What to produce: Reproduce the listing below in full and exactly; no pictures belong in the copy.

Data segment:
━━━━━━━━━━

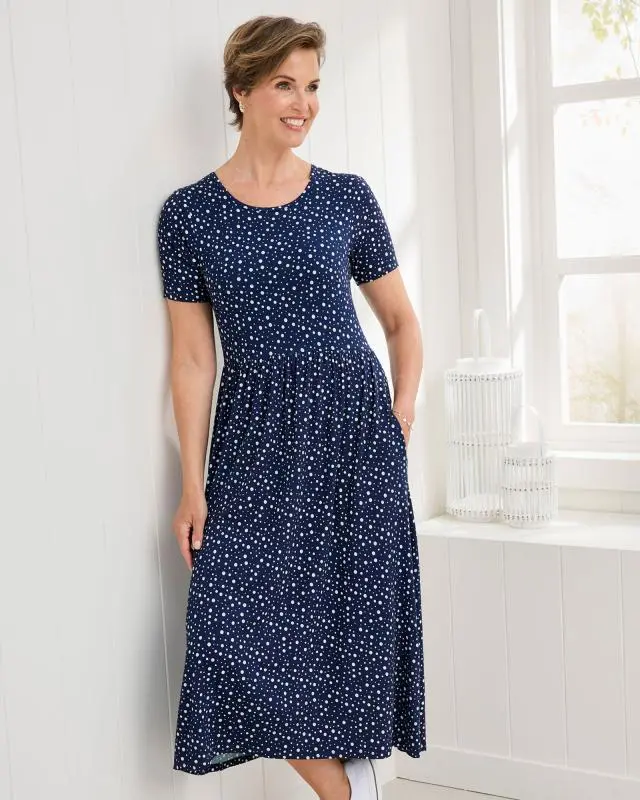 Cotton Traders Women's Printed Stretch Jersey Midi Dress in Blue, Viscose/Elastane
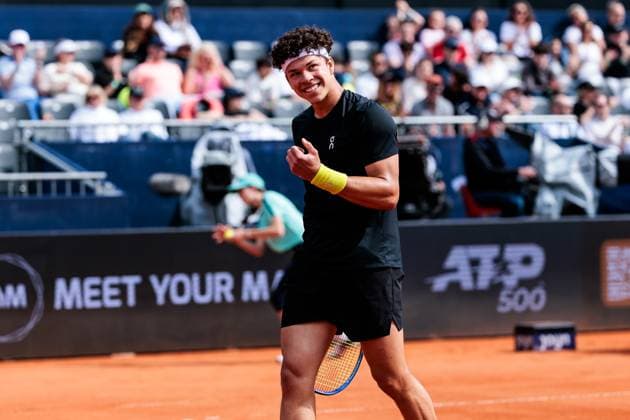 BMW Open Munich ATP 500 14 04 2025 Ben Shelton USA cheers in his match against Borna Gojo Croatia BMW Open by Bitpanda Munich ATP 500 Day 3, Munich, MTTC Iphitos on 14 04 2025 Copyright: xBEAUTIFULxSPORTS Wunderlx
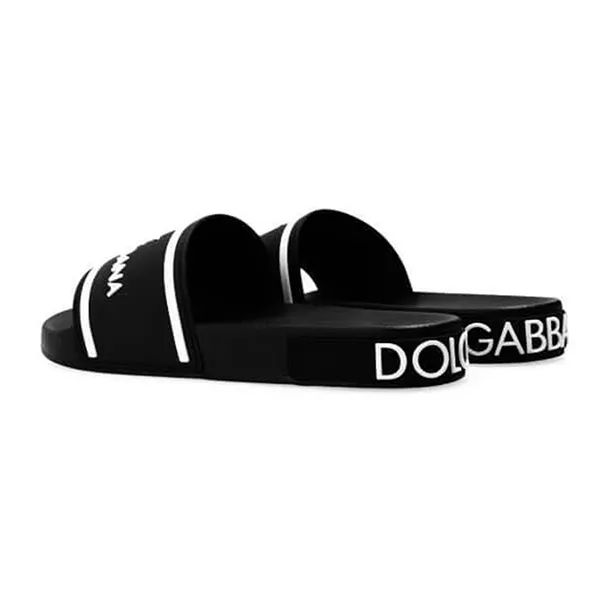 Dép Dolce & Gabbana D&G Printed Calfskin And Rubber Sliders Màu Đen Size 39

━━━━━━━━━━

Output:
 Cotton Traders Women's Printed Stretch Jersey Midi Dress in Blue, Viscose/Elastane
 BMW Open Munich ATP 500 14 04 2025 Ben Shelton USA cheers in his match against Borna Gojo Croatia BMW Open by Bitpanda Munich ATP 500 Day 3, Munich, MTTC Iphitos on 14 04 2025 Copyright: xBEAUTIFULxSPORTS Wunderlx
 Dép Dolce & Gabbana D&G Printed Calfskin And Rubber Sliders Màu Đen Size 39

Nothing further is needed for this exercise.